Avant les coups de tête de Zinédine Zidane, avant les coups de poignet de Nikola Karabatic, il y avait eu le coup droit de Guy Forget, ce dernier geste qui avait permis au joueur tricolore de battre Pete Sampras et d'offrir à la France la victoire en Coupe Davis aux dépens des Etats-Unis (3-1), le 1er décembre 1991. Lors de ce succès devenu mythique, il y eut tout : un adversaire renommé, des joueurs transcendés et un lieu sublimé, le Palais des sports de Lyon, avec 8.000 spectateurs en transe. Et au milieu de tout cela, "Captain'" Noah en MC improvisé, meneur de revue sur un "Saga Africa" endiablé.
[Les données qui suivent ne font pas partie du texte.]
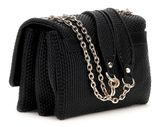 GUESS Phaedra Convertible Xbody Flap Bag Black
L'équipe de France remporte la Coupe Davis 91 :
Cette victoire était la première en Coupe Davis pour la France depuis 1932 et l'épopée des Mousquetaires, 59 ans après... Entraîneur de l'équipe de France à l'époque, Patrice Hagelauer estime que cette équipe 1991 a marqué un tournant dans l'histoire du tennis français. "Avec la victoire de 1991, on a pu élaborer les critères qui sont les critères de la réussite d'une équipe", explique au micro d'Europe 1 l'actuel directeur technique national (DTN). "Et le premier critère est l'état d'esprit qu'il faut posséder quand on arrive en équipe de France, quand il s'agit de mettre tous ses problèmes et soucis de côté."
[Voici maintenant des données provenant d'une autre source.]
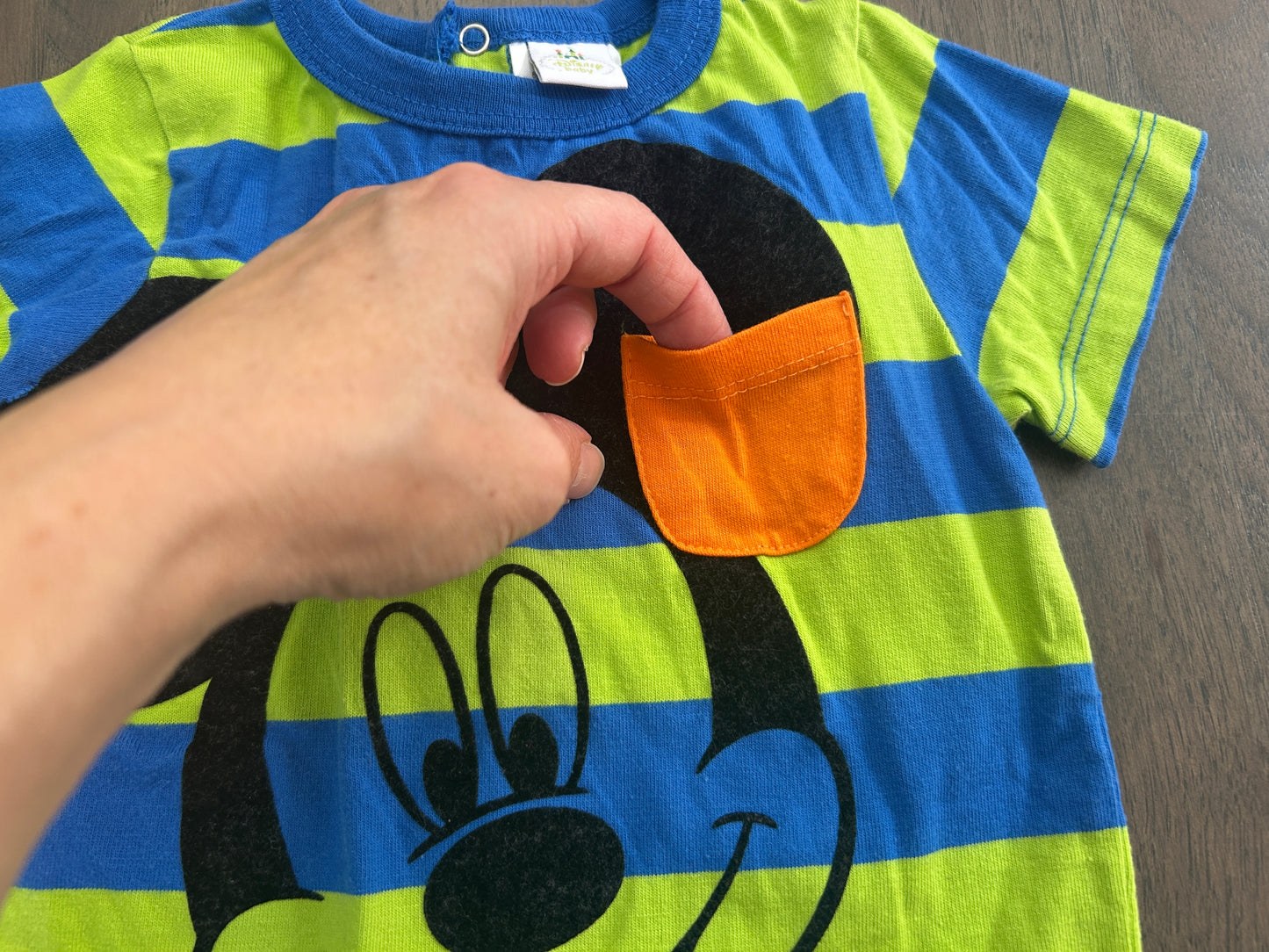 Disney Baby, outfit, boy, size 12 months, Mickey Mouse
Avec Noah puis Forget en capitaines successifs, le DTN estime que l'équipe de France de Coupe Davis a réussi à conserver cet état d'esprit tout au long des années. Et les résultats ont suivi : une deuxième victoire pour Noah et sa bande en 1996, un succès en Australie pour Forget en 2001 ainsi que trois accessions à la finale (1999, 2002 et 2010).
Joueurs et membres de la FFT font la fête en 1991 et 96 :
Mais ce succès en Coupe Davis n'a pas seulement été fondateur pour le tennis français. Il l'a été pour l'ensemble du sport français. "C'est là qu'on a commencé à comprendre qu'en tant que Français, on pouvait gagner de grands événements", estime au micro d'Europe 1 Patrick Chamagne, qui avait soigné Leconte, blessé au dos, lors d'un stage préparatoire effectué en Bretagne avant la finale. "On est arrivé à gagner, dans un sport individuel disputé en équipe avec un joueur au top et un qui revenait du diable vauvert. C'était assez sympa ! Et ça a déclenché pas mal de trucs : les Barjots, l'équipe de France de foot,..."
En effet, dans la foulée de cette victoire homérique, les équipes françaises se sont peu à peu libérées. Limoges a remporté la Ligue des champions de basket en 1993, l'OM lui a emboîté le pas un mois plus tard en foot, l'équipe de France de handball a été sacrée championne du monde en 1995 et celle de foot en 1998. Les acteurs de cette finale ont conscience, eux aussi, d'avoir servi d'exemple aux autres sports.
"Ce jour-là, un verrou a sauté"
"Avant cette finale de 1991, à travers le monde, on était, nous les Français, considérés comme des losers. On a ouvert la voie", considère Leconte dans l'ouvrage Coupe Davis 1991, naissance de la France qui gagne*. "On ne s'est pas fait dessus comme toutes ces équipes de France qui se faisaient dessus au moment de gagner", explique également Noah. "Ce jour-là un verrou a sauté. Les athlètes français sont devenus moins frileux."
Vingt ans après, un tel succès est-il à nouveau envisageable pour le tennis français ? "C'est en s'organisant peut-être un petit mieux qu'on y arrivera peut-être à nouveau", précise Patrice Hagelauer, qui souligne qu'il a "manqué très peu de choses" ces dernières années, à commencer par de la chance. En 2010, à Belgrade, l'équipe de France a ainsi été privée de son atout n°1 Jo-Wilfried Tsonga, blessé. Pourtant, l'actuel 6e joueur mondial meurt visiblement d'envie de goûter au Saladier. "Dans mon bureau, il y a les photos de toutes ces victoires en Coupe Davis", raconte Patrice Hagelauer. "Il y avait "Jo" qui était là, il n'arrêtait pas de regarder ça, et on sent qu'il a en lui cette envie de gagner la Coupe Davis."
*Coupe Davis 1991, naissance de la France qui gagne, par Fabrice Abgrall et François Thomazeau, Hugo & Cie, 2011, 264 pages, 17,95 euros.